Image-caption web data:
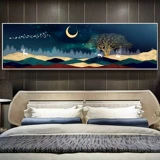 Cross -STITCH Вышивая гостиная простая современная Fortune Deer 2021 Новый ресторан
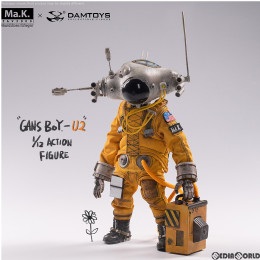 [FIG]ガンスボーイ-U2 ダムトイ × 横山宏 マシーネンクリーガー 1/12 アクションフィギュア(CS018) ダムトイ
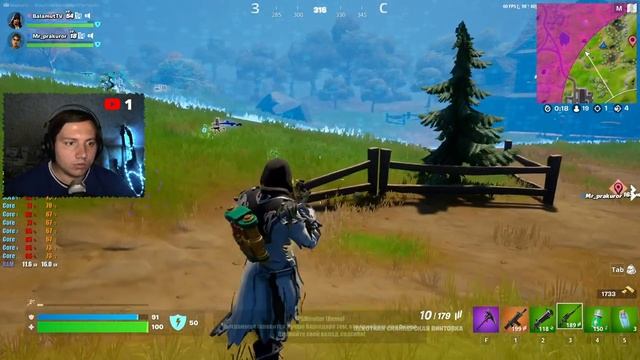 Без строительства ? ТОП! #fortnite смотреть онлайн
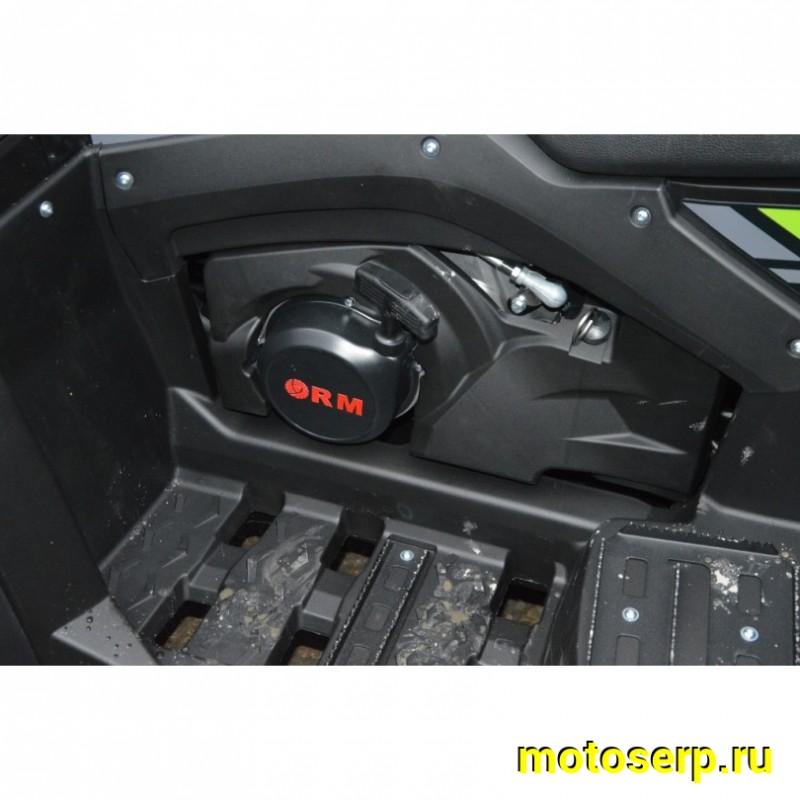 Купить  650cc Квадроцикл РМ650-2 (ЭПСМ) утилит. 4х4,650cc; механ. с вариатором; реверс,  лебед, фарк. (RM) (шт)  купить с доставкой по Москве и России, цена, технические характеристики, комплектация фото  - motoserp.ru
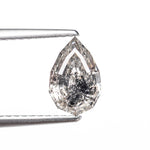 Load image into Gallery viewer, 1.38ct 8.83x5.87x3.75mm Geo Pear Step Cut 🇨🇦 27687-01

What to work on:
All entries above must be repeated exactly; pictures are to be left out.

Exercise response:
 Cross -STITCH Вышивая гостиная простая современная Fortune Deer 2021 Новый ресторан
 [FIG]ガンスボーイ-U2 ダムトイ × 横山宏 マシーネンクリーガー 1/12 アクションフィギュア(CS018) ダムトイ
 Без строительства ? ТОП! #fortnite смотреть онлайн
 Купить  650cc Квадроцикл РМ650-2 (ЭПСМ) утилит. 4х4,650cc; механ. с вариатором; реверс,  лебед, фарк. (RM) (шт)  купить с доставкой по Москве и России, цена, технические характеристики, комплектация фото  - motoserp.ru
 Load image into Gallery viewer, 1.38ct 8.83x5.87x3.75mm Geo Pear Step Cut 🇨🇦 27687-01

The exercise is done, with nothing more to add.